君子危うきに近寄らず。最近、物騒なので気をつけようと思い、あまりそちらを見ないようにしながら、横を通り過ぎようとすると、何故か人物の動きが止まり、こちらを見ている。危ない!思わず早足になったが、驚いたことに「Hさん」と呼び止められた。このとき、小学生のときに読んだUFOに誘拐された人の体験記が思わず脳裏に蘇った。警戒しながら人影のほうに顔を向けると、それはなんとLFのo薗iさん(プライバシー保護のため一部伏せ字)だった。

「一体こんなところで何をしているのですか?」「いや、私は自宅がこのすぐ近くなんですよ(とビバホームのほうを指さす)」「それならご自宅に帰られてから作業されては・・・」「いや、家に帰るといろいろ子供とか邪魔がはいるので」「・・・それにしても今、何をされているのですか?」「いや、WiMAXのモニターをしているのですが、速度がどのくらいでるかと思って」

そう。o薗i氏は豊洲駅付近の暗がりでWiMAXの速度を計っていたのだ。確かに言われてみると、PCにはWiMAXのデバイスが装着され、画面にはベンチマークらしき画面が表示されている。速度は約5Mbpsだ。

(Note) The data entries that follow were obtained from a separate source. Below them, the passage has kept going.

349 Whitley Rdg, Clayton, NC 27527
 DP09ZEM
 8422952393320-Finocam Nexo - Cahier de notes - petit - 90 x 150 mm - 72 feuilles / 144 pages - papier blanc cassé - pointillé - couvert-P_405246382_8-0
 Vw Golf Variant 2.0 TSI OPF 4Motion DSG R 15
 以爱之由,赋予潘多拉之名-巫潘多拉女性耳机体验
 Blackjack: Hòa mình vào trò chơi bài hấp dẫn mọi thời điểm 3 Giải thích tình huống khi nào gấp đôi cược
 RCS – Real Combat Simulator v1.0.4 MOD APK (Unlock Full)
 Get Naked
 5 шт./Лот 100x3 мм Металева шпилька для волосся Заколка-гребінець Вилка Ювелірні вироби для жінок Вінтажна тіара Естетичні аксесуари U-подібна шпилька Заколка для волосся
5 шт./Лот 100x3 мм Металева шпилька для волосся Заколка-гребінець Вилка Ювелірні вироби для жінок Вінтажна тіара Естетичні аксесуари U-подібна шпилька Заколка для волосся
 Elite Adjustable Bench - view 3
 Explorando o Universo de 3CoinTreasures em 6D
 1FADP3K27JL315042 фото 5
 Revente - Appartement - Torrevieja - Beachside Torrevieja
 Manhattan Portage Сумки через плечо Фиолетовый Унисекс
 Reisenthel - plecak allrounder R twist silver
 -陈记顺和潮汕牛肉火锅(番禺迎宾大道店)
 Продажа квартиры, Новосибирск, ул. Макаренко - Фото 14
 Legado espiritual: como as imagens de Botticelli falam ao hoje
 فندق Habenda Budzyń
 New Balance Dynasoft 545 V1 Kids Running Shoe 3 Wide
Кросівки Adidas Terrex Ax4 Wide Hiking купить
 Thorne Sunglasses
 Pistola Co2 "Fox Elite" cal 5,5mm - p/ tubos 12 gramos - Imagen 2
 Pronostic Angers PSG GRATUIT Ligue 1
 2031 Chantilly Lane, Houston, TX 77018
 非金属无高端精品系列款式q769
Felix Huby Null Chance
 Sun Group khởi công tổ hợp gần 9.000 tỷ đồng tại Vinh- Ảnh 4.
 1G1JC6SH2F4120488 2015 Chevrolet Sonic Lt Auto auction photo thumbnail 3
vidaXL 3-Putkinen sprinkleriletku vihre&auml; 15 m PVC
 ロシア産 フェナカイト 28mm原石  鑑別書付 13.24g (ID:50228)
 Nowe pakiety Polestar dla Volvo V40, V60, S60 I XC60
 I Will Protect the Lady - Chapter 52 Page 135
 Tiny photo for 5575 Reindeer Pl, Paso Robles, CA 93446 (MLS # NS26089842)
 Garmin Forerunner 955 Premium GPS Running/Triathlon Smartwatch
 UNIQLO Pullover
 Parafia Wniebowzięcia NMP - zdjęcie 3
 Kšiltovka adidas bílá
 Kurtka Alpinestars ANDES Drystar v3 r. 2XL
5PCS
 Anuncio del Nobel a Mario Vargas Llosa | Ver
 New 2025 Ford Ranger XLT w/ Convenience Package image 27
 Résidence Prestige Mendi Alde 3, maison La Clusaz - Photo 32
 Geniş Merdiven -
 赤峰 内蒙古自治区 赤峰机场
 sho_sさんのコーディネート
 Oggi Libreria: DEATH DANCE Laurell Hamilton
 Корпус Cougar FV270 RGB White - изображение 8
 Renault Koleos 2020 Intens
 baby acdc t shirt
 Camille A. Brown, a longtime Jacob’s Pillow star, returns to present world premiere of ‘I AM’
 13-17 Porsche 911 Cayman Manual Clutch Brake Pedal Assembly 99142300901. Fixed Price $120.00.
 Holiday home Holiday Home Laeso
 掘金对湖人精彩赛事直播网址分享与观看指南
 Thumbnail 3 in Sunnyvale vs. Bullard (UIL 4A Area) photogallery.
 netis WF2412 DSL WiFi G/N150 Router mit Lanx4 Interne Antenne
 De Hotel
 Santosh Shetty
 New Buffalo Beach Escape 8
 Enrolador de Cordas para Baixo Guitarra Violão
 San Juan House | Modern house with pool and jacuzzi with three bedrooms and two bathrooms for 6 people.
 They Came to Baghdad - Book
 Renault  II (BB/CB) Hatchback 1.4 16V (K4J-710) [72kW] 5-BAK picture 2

「うーん、まあこんなもんかな」「結構速いですね」「いろんなところで速度を測定しているんです」「ほう」

o薗i氏との会話で、氏が結構細かくいろいろなところに移動しては同様にWiMAXの速度を計測されていることがわかった。人にはそれぞれ事情があるが、o薗i氏が不審人物と思われて尋問されなければ良いがと思いながら別れた。